--- Data extract ---

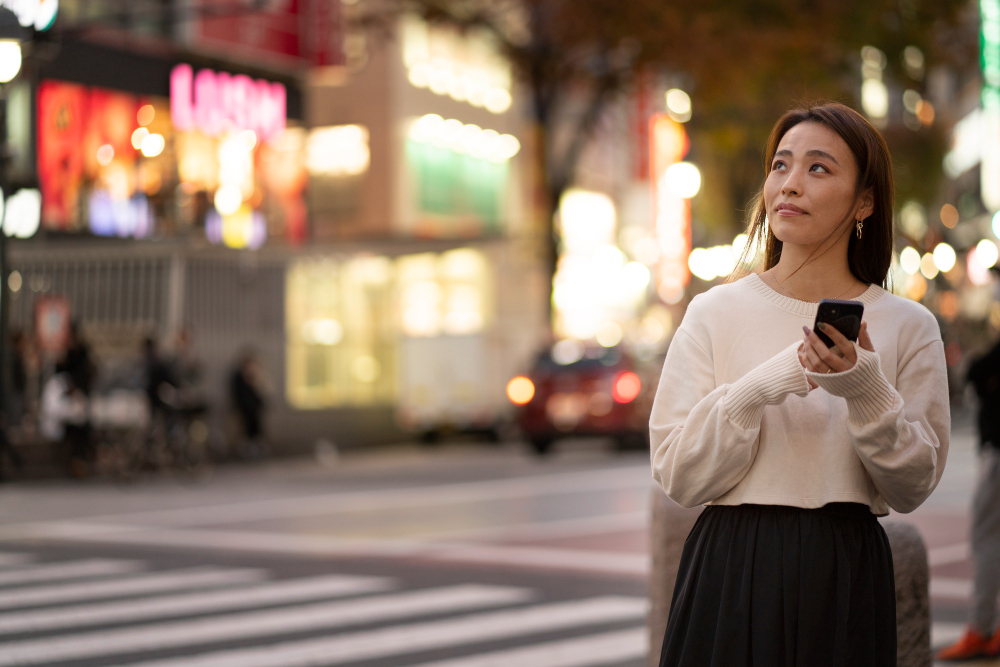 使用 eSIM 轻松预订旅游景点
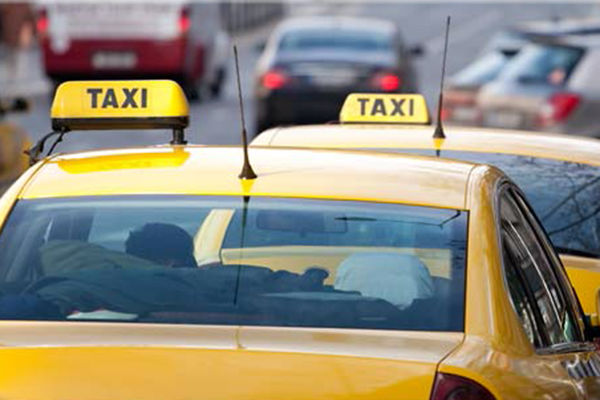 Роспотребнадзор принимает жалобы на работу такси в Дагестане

---
--- Data extract ---

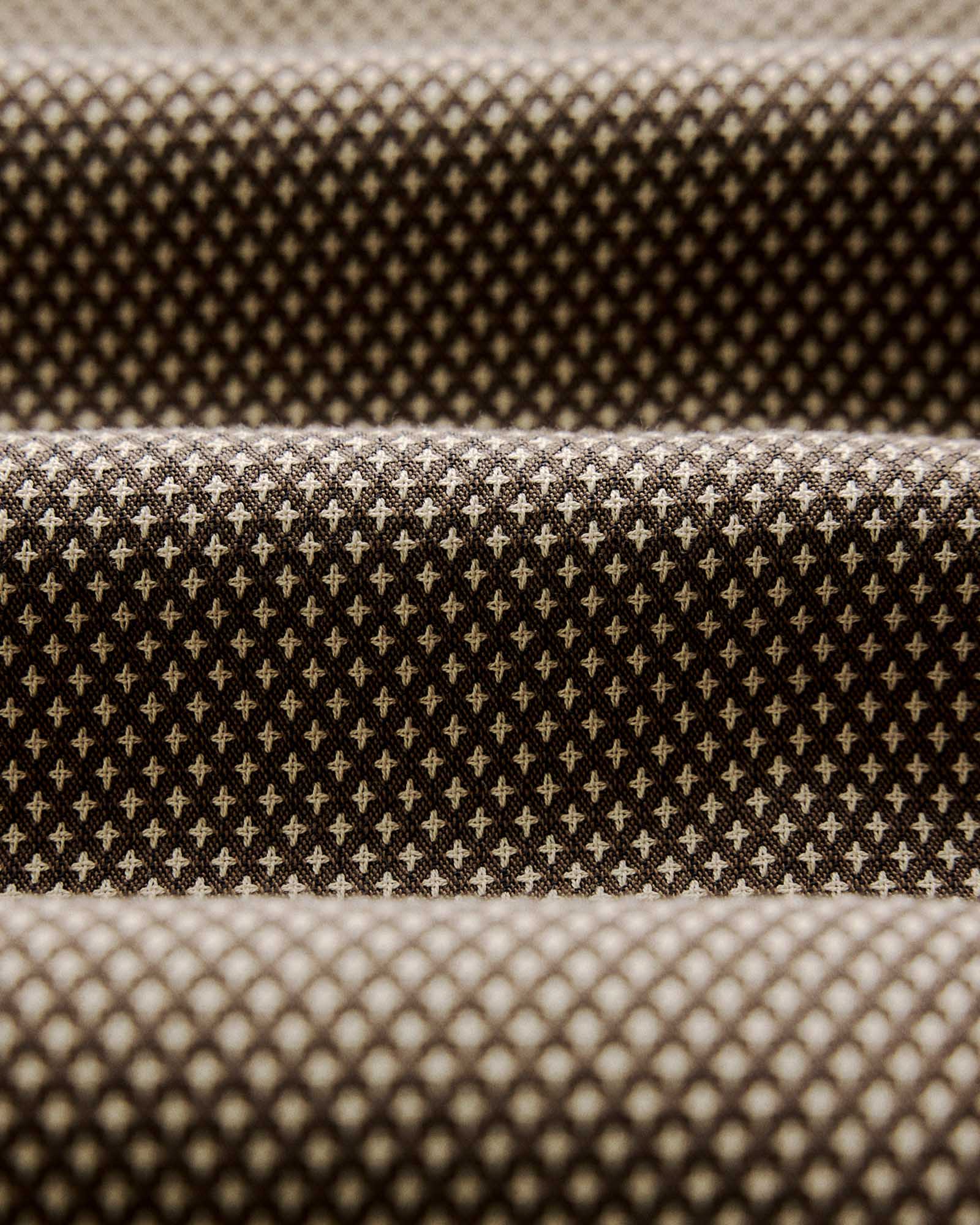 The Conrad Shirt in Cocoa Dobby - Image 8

---

Brief>
Transcribe the listing above exactly, but only from the line with "使用 eSIM 轻松预订旅游景点" through the line with "Роспотребнадзор принимает жалобы". Include both of those lines and omit the pictures.

Task result>
 使用 eSIM 轻松预订旅游景点
 Роспотребнадзор принимает жалобы на работу такси в Дагестане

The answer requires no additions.